Pequeno e doce segredo

Para mim, comer mexerica é um ritual sacro:
preciso me concentrar, fazê-lo sozinha.
Começa pelo cheiro
falamos tanto do cheiro, mas nunca paramos para apreciá-lo:
é mágico!
Os poros de uma mexerica concentram um líquido vital
- é vital para mim!
E descascá-la tem de ser feitos aos poucos: é uma fruta púdica.
Em cada gomo, as fibras tentam esconder o segredo
Tenho de retirá-las, fiapo a fiapo,
abrir a pele, retirar o caroço, e então, atingir a alma
Você já viu o interior do gomo?
É a medula exposta de um corpo que se abre, aos poucos
A mexerica é a única fruta completamente feliz:
cores, cheiro, sabor, tudo conspira para completa alegria.
Há, na doçura laranja da mexerica, todas as respostas da metafísica.

Do piano

No canto da sala, veja:
há um piano, acredito que você esteja ouvindo
as teclas implorando por uma mão
que ofereça carinho, um afago e uma nova canção
às vezes até as teclas brancas queriam ser sustenido
Por mais torto que seja o som, é tão bom ser diferente do que se é!

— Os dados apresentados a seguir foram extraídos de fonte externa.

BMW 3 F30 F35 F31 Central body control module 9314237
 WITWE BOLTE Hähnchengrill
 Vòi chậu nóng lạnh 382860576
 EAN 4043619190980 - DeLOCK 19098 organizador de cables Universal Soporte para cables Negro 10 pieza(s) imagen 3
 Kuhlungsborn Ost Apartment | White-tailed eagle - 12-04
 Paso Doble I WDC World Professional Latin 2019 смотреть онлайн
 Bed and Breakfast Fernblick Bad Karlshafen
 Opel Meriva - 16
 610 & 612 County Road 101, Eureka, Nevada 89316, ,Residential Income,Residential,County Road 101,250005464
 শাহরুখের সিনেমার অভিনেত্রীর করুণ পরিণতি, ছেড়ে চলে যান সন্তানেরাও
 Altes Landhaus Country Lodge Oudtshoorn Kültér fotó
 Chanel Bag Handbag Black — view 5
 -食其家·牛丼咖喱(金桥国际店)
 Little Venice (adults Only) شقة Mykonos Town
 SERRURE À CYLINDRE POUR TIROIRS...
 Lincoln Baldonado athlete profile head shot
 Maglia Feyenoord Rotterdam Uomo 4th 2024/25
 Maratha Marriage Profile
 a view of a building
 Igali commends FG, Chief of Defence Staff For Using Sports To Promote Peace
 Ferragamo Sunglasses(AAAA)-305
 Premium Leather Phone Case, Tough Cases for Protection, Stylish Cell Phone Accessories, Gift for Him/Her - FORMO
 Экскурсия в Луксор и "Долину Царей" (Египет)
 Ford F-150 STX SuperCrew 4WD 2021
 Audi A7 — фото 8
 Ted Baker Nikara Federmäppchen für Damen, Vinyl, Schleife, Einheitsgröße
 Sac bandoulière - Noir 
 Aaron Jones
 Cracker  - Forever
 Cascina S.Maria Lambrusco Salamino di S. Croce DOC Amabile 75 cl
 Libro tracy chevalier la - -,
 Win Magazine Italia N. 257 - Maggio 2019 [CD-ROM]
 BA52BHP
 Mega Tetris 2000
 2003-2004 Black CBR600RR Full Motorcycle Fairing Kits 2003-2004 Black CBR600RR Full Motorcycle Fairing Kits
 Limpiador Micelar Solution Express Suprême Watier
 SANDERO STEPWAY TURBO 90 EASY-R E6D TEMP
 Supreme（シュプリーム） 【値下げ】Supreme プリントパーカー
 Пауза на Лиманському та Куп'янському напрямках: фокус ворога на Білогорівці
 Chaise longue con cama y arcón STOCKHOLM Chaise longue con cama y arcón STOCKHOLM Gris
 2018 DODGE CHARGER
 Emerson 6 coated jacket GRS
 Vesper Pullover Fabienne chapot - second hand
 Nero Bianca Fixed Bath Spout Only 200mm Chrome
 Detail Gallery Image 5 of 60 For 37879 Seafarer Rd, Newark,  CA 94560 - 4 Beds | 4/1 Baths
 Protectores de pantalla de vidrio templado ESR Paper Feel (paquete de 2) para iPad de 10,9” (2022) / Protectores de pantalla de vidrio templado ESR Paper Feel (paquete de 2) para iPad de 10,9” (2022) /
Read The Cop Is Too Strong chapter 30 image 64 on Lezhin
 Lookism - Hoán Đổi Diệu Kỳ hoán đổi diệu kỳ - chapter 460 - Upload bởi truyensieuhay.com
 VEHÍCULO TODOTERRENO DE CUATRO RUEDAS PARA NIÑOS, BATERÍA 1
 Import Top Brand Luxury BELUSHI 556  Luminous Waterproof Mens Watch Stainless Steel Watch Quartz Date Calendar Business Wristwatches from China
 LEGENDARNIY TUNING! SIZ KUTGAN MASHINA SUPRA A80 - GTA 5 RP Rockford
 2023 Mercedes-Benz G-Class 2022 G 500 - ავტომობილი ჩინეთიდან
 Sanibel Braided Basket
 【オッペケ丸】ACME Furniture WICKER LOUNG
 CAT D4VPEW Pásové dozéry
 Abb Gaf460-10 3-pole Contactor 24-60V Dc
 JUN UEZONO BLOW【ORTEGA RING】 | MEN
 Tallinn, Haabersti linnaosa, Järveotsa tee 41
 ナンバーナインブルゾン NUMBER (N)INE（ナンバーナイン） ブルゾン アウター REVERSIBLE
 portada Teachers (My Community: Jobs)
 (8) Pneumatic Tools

O piano precisa do pianista
para sair de seu lugar-comum de silêncio, 
a beleza amadeirada e estática.
O pianista precisa do piano
para sair de seu lugar de ser humano triste
incompleto
Não há pianista que não seja um pouco incompleto, 
porque a música do piano precisa preencher vazios.

Não se incomode com meus olhos cheios de lágrimas
Corra ao piano, solte o grito que tem abafado
Eu saberei que a música sai da sua garganta,
mas vou fingir estar emocionada com a dança dos dedos entres as teclas

ou, apenas, por estar presenciando o espetáculo de um grande encontro.